Камнем преткновения в их постоянных ожесточенных спорах было творчество Владимира Набокова, тогда еще выступавшего в печати под псевдонимом Сирин, творчество которого Ходасевич ставил очень высоко. В 1930 году написал о Сирине и Георгий Иванов (по поводу «Защиты Лужина», «Короля, дамы, валета», «Машеньки» и «Возвращения Чорба»), причем предельно грубую статью, очевидно мстя ему, как умел один он, за отрицательный отзыв о романе Ирины Одоевцевой. При этом он ссылался на Адамовича, который еще ранее заметил про «Защиту Лужина», что роман мог бы появиться в «Nouvelle revue française» и пройти совершенно не замеченным в потоке средних произведений французской беллетристики. Адамович, конечно, в отличие от Иванова, был далек от литературных расчетов, никому не мстил и не стремился «дать под дых»; он совершенно искренне не принимал и не понимал творческий метод Набокова, в чем был не одинок в эмиграции. Впоследствии он смягчил свою оценку творчества Набокова, признав его талант, но по-прежнему объявлял его «наименее русским из всех русских писателей». И все равно писал: «В набоковской прозе звук (то есть тон, интонация, ей Адамович придает большое значение в прозе. — И. М.) напоминает свист ветра, будто несущего в себе и с собой „легкость в мыслях необыкновенную“».
Адамович был ярко выраженным сторонником реализма (что, может быть, отчасти объясняет его отношение к Набокову), обожал Льва Толстого, о котором судил очень точно, а Набокова всю жизнь считал «глубоко не русским писателем». Впрочем, к писателям «ненатуральным», вымученным, далеким от реальной жизни он относил и Гоголя, и Достоевского. Несколько смешными и наивными на этом фоне выглядят его восторженные оценки таких средних писателей, как Зайцев и Тэффи.
Ходасевич постоянно вставал на защиту Набокова, который своим творчеством был ему, пожалуй, ближе всех в эмиграции.
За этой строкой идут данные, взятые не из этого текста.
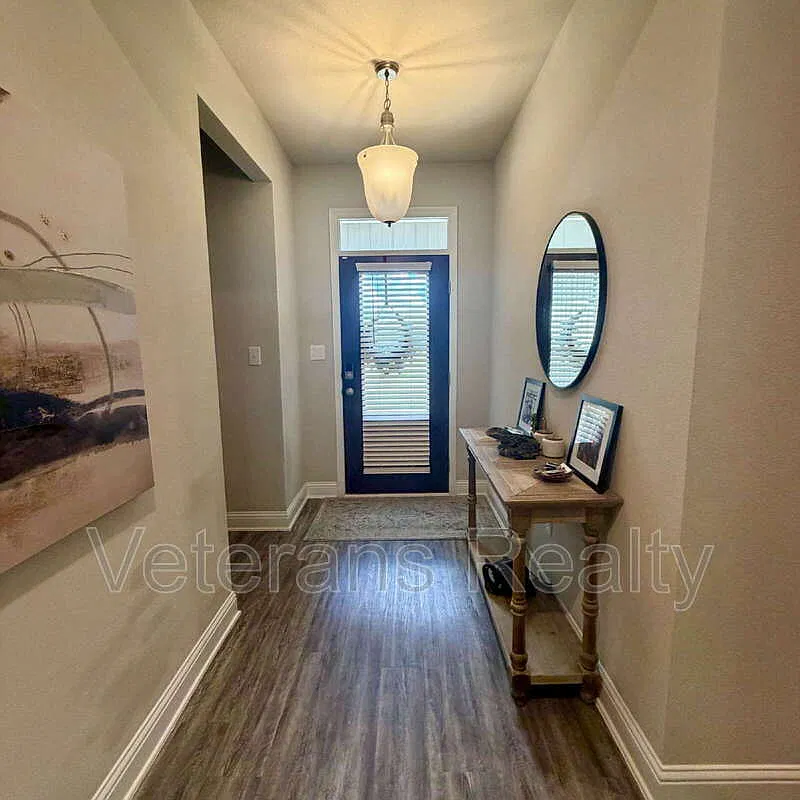 4 bed, 2.0 bath, 2109 sqft, $2,300 — Photo 1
Он выступил своего рода «разъяснителем» творчества Набокова для «эмигрантской словесности», которая, по его выражению, «боится новизны пуще сквозняков». Он приветствовал появление «Дара», который многих насторожил и попросту разозлил (не говоря уже о том, что вставную главу, посвященную Чернышевскому, в «Современных записках» просто отказались печатать). Кстати, под именем Мортуса в романе изображен Адамович (и отчасти Гиппиус).
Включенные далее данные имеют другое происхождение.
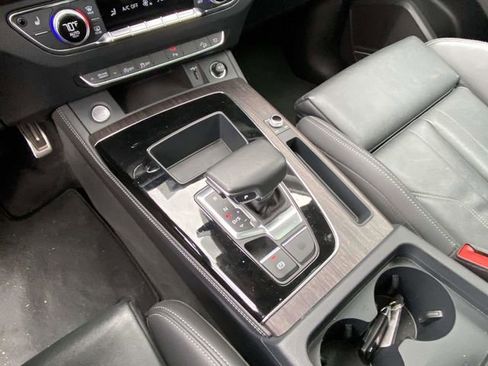 Used 2024 Audi Q5 2.0T Premium Plus image 18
13 февраля 1937 года Ходасевич писал в «Возрождении», очевидно, использовав в статье произнесенную им на вечере Набокова 24 января того же года речь: «При тщательном рассмотрении Сирин оказывается по преимуществу художником формы, писательского приема, и не только в том общеизвестном и общепризнанном смысле, что формальная сторона его писаний отличается исключительным разнообразием, сложностью, блеском и новизной. Все это потому и признано, и известно, что бросается в глаза всякому. Но в глаза-то бросается потому, что Сирин не только не маскирует, не прячет своих приемов, как чаще всего поступают все и в чем Достоевский, например, достиг поразительного совершенства, — но напротив: Сирин сам выставляет их наружу, как фокусник, который, поразив зрителя, тут же показывает лабораторию своих чудес. Тут, мне кажется, ключ ко всему Сирину. Его произведения населены не только действующими лицами, но и бесчисленным множеством приемов, которые, точно эльфы или гномы, снуя между персонажами, производят огромную работу: пилят, режут, приколачивают, малюют, на глазах у зрителя ставя и разбирая те декорации, в которых разыгрывается пьеса. Они строят мир произведения и сами оказываются его неустранимо важными персонажами…»
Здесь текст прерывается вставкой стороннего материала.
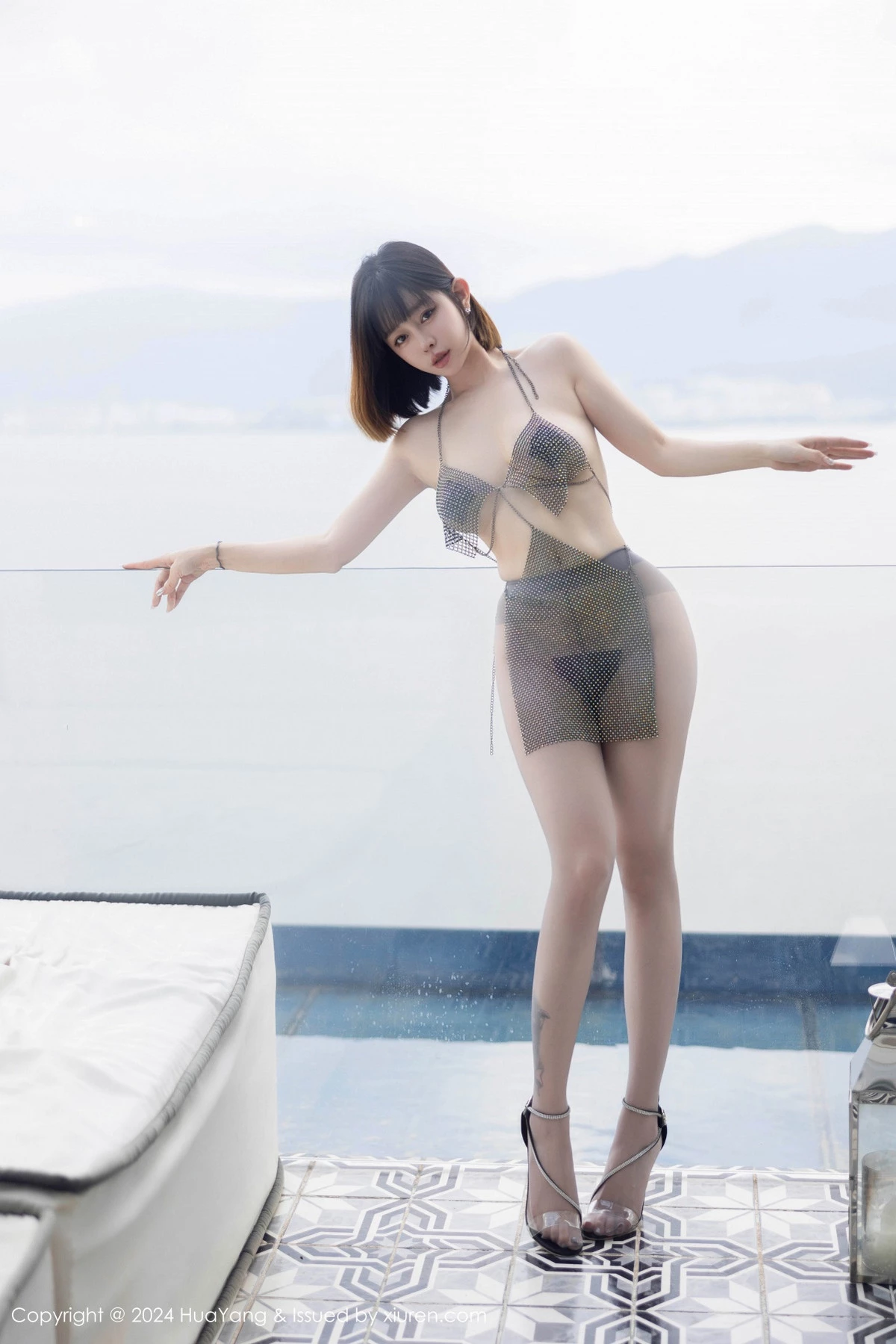 [HuaYang花漾]Vol.607_女神王雨纯性感缕空情趣内衣配超薄灰丝秀曼妙身姿撩人诱惑写真101P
Его взгляд на творчество Набокова, в частности на «Приглашение на казнь», оспаривался, конечно, не только Адамовичем. Один из представителей «парижской ноты», прозаик, критик и мыслитель Владимир Варшавский, писал уже после войны в своей книге «Незамеченное поколение»: «Мне лично настойчиво представляется объяснение почти противоположное объяснению Ходасевича. <…> Такое же завороженное царство (имеется в виду гоголевское царство „мертвых душ“ в более широком плане. — И. М.) окружает и Цинцинната. Это, действительно, бред, но вовсе не творческий бред самого Цинцинната, а бред, существующий против его воли, и вполне объективно. Это именно тот „общий мир“, за которым стоит вся тяжесть социального давления и который всем представляется единственно реальным. Но только в „Приглашении на казнь“ „омертвение“ этого „общего мира“ пошло еще дальше. Действие романа происходит в каком-то неопределенном будущем, после того как тотальная социализация всей жизни привела к упадку культуры и вырождению человечества». Эта запоздалая полемика уже вовсе не в ключе Адамовича, а со знаком плюс, с полным признанием и пониманием Набокова…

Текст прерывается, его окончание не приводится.